A small tale about testing and what a coffee machine has to do with it

Heiko W. Rupp
3 min readMay 22, 2023

I am a big fan of testing in production. That does not mean I don’t test via unit test or in staging, but all those environments are different enough from the production environment, that they only (may) give hints if the production code will work or not.

Internals of a coffee machine with a white tube, that I had to replace as the original one went boom
Internals of a coffee machine

Last week our coffee machine broke down. The white hose in the above picture was burst and the machine leaked hot water instead of brewing coffee. It took a while to disassemble it and to find the leak (it was at the bottom side of the hose). I looked around for replacement parts and ordered some including the hose and some hose clips. I wasn’t able to apply them securely (the hose is operated at 15 atmospheres), so I ordered new, different ones….
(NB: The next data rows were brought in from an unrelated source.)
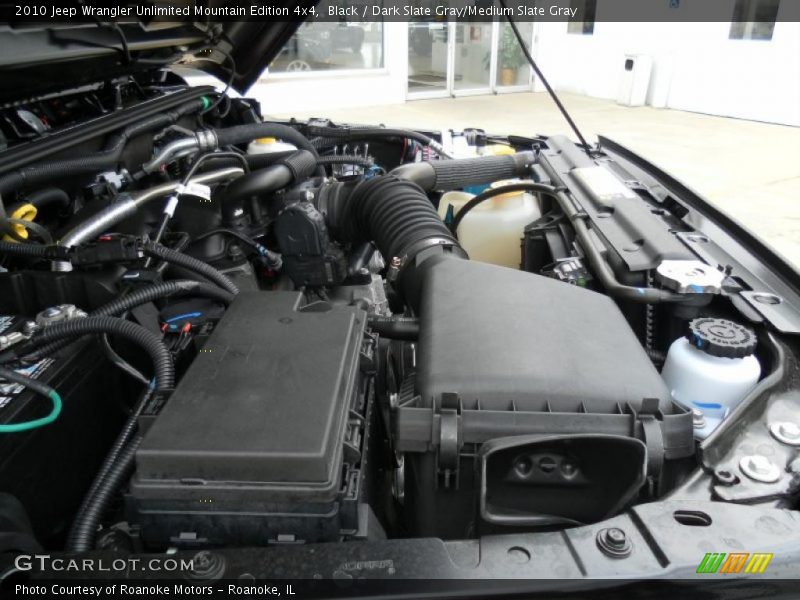 Black / Dark Slate Gray/Medium Slate Gray 2010 Jeep Wrangler Unlimited Mountain Edition 4x4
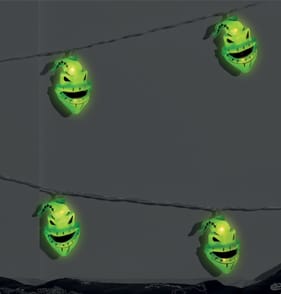 The Nightmare Before The Christmas Oogie Boogie String Lights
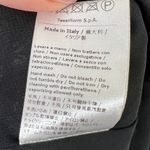 Patrizia Pepe Ditsy Floral Tie Front Flowy Short Sleeve Dress Black Size 6 Photo 11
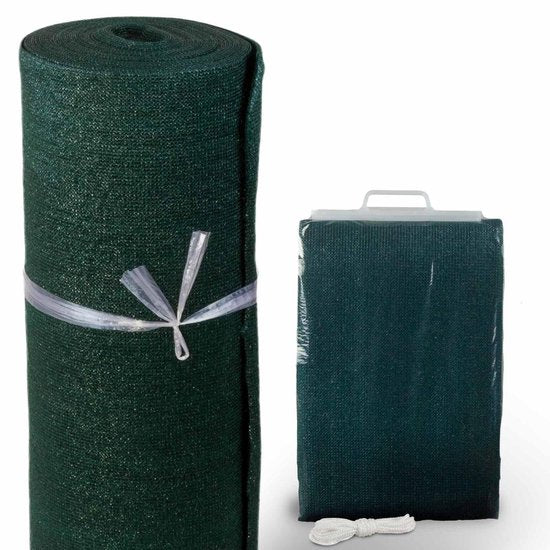 Hanse® Tuinscherm privacy scherm - mtr lang, hoog - groen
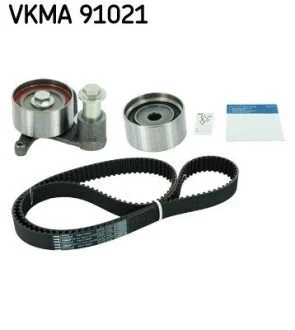 Ремінь ГРМ (набір) SKF VKMA91021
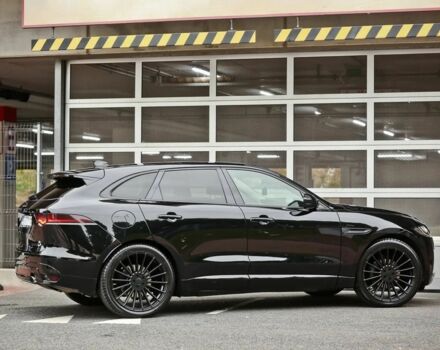 Ягуар Ф-Пейс 2020 в Киеве на Automoto.ua Черный Ягуар Ф-Пейс, объемом двигателя 2 л и пробегом 100 тыс. км за 15100 $, фото 6 на Automoto.ua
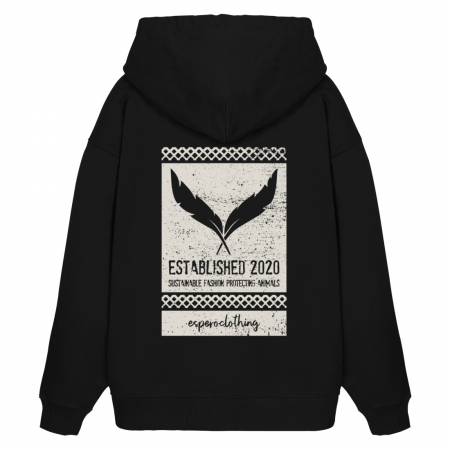 Oversized Hoodie Wasted - Unisex Oversized Organic Hoodie 2.0-16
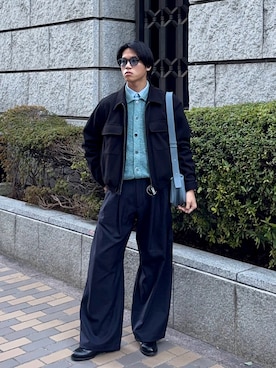 KAMMAさん(メンズ・178cm)の春コーディネート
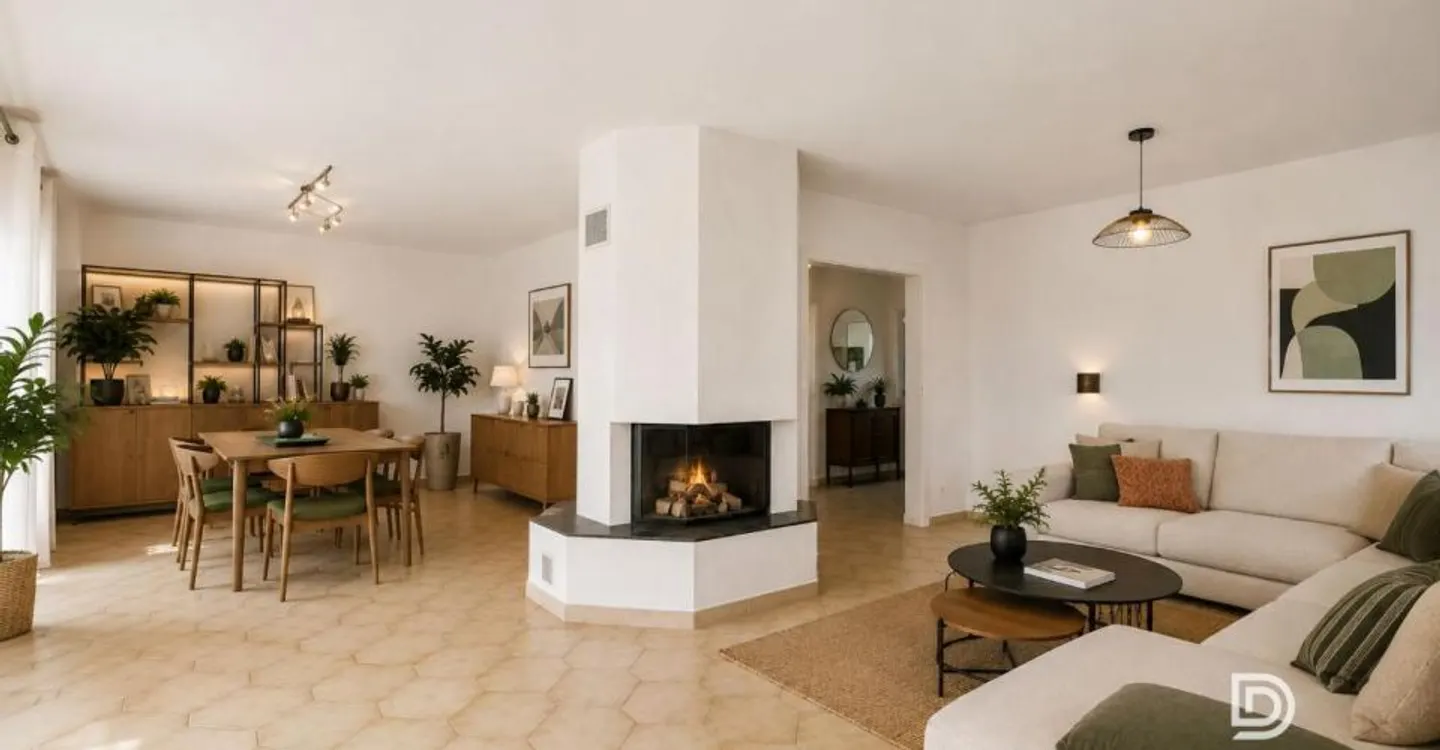 Charming family villa with lake view in Grandson - Photo 2 of 11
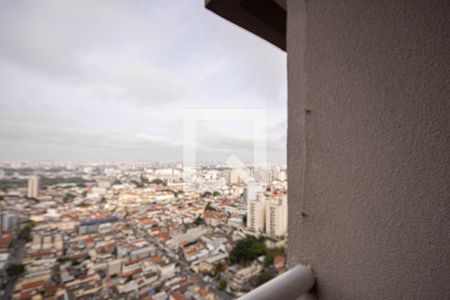 Varanda da Sala de apartamento à venda com 2 quartos, 51m² em Vila Leonor, São Paulo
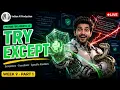 Python try-except Explained Simply Error Handling Tracebacks Hindi Agentic AI W9 P1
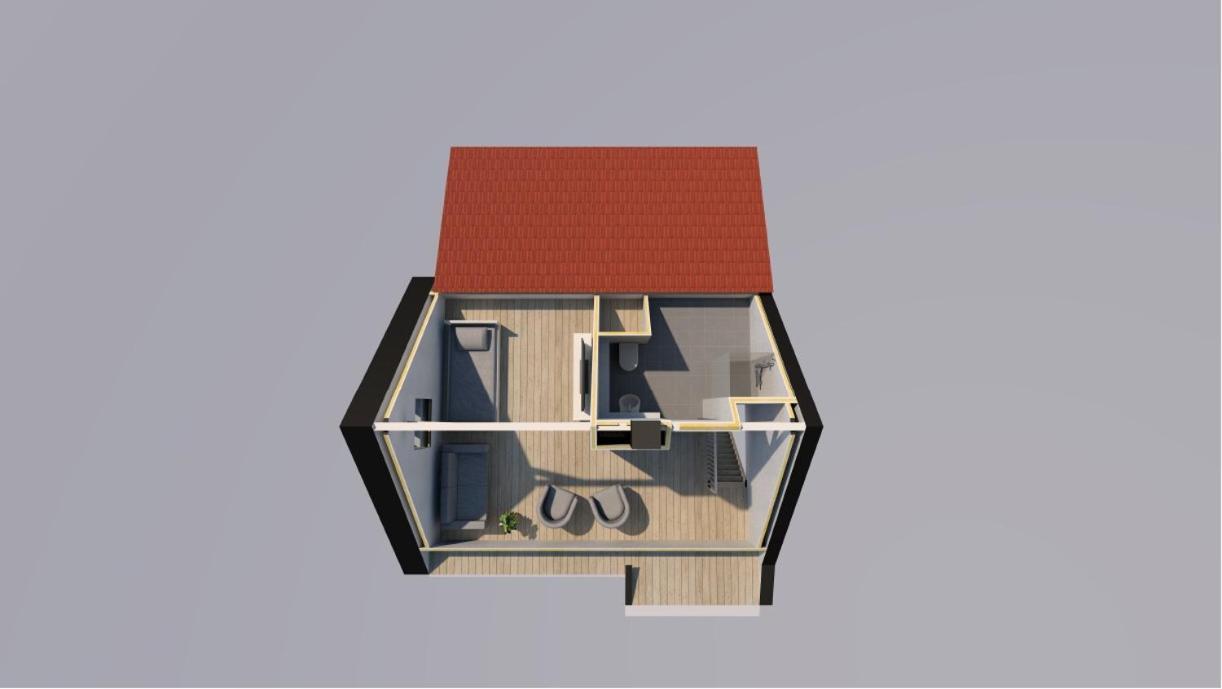 Ferienhaus Luv Und Meer รอสต็อค ภายนอก รูปภาพ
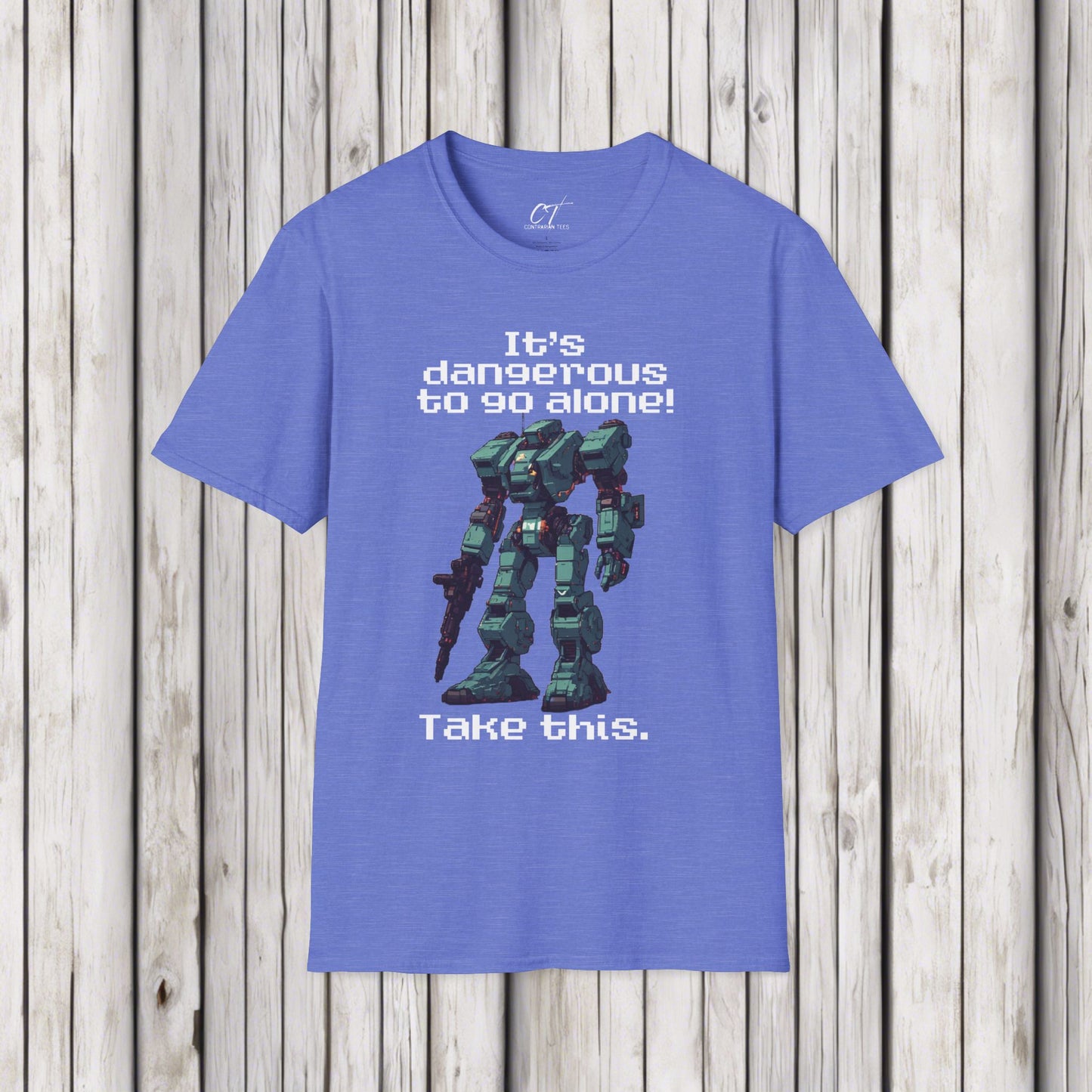 It's dangerous to go alone take this, Funny shirt, Funny Gift, Humorous Shirt, 8 bit art, old school, nerd shirt, video game shirt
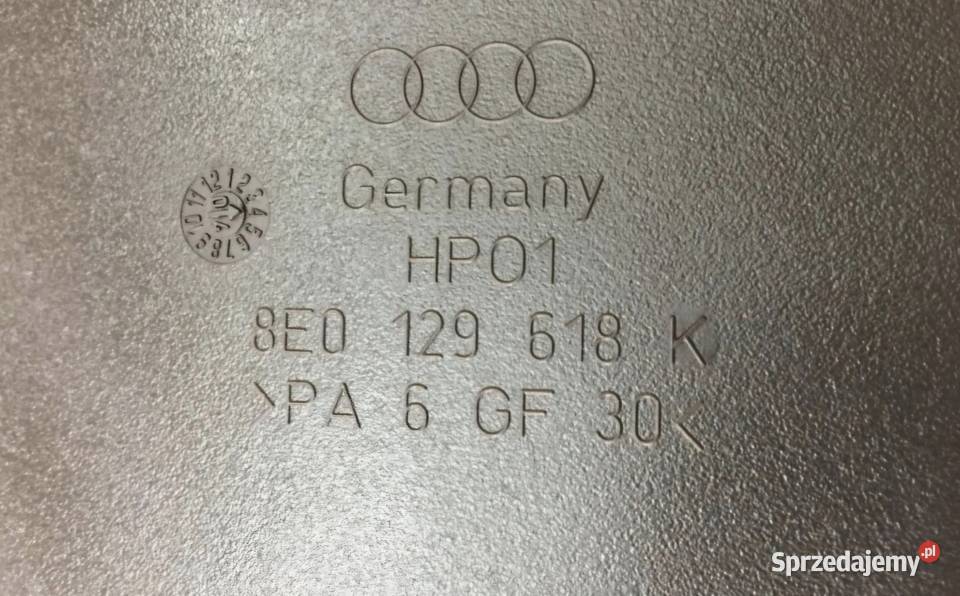 PRZEWÓD DOLOT POWIETRZA AUDI A4 B6 A4 B7 19 TDI Działoszyce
Long story short: after I installed everything I tested the machine by first running the cleaning program and then successfully pouring myself a coffee.

Putting back into production

So I re-assembled the machine and put it back into the shelf. When I tried to pour myself a coffee the next morning, I heard the machine grind and pump, but I got no coffee in my mug.

After debugging (disassembling again), I found out that I put in one seal in the wrong way. Changing that, and doing more tests, it finally works again as supposed.

How’s that related to software?

Remember, after I replaced the broken hose the machine was still disassembled and my tests could be seen as a unit test for the pump and high pressure tube and then an integration test. So we can put it in production — can’t we?

Such integration tests are often enough done in stage and one tries to mimic production as good as possible in order to say that if it works in stage it will work in production.

The badly applied seal in my case could be a mis-configured database connection on the software side. Or some value in a vault. Or a different 3rd-party system you talk to. The list here is endless. You will not find this issue in stage, but only in production.

Testing in production

At the end the tale above implies to me that you can only test in production. I am not suggesting to not do any upfront testing, but only production can tell you if your software works.

Especially in SaaS-y environments, it is easy to spot issues in production and then either roll back or just divert the traffic to other replicas that still run the old version (our “old replica” was a french press, that we have at home).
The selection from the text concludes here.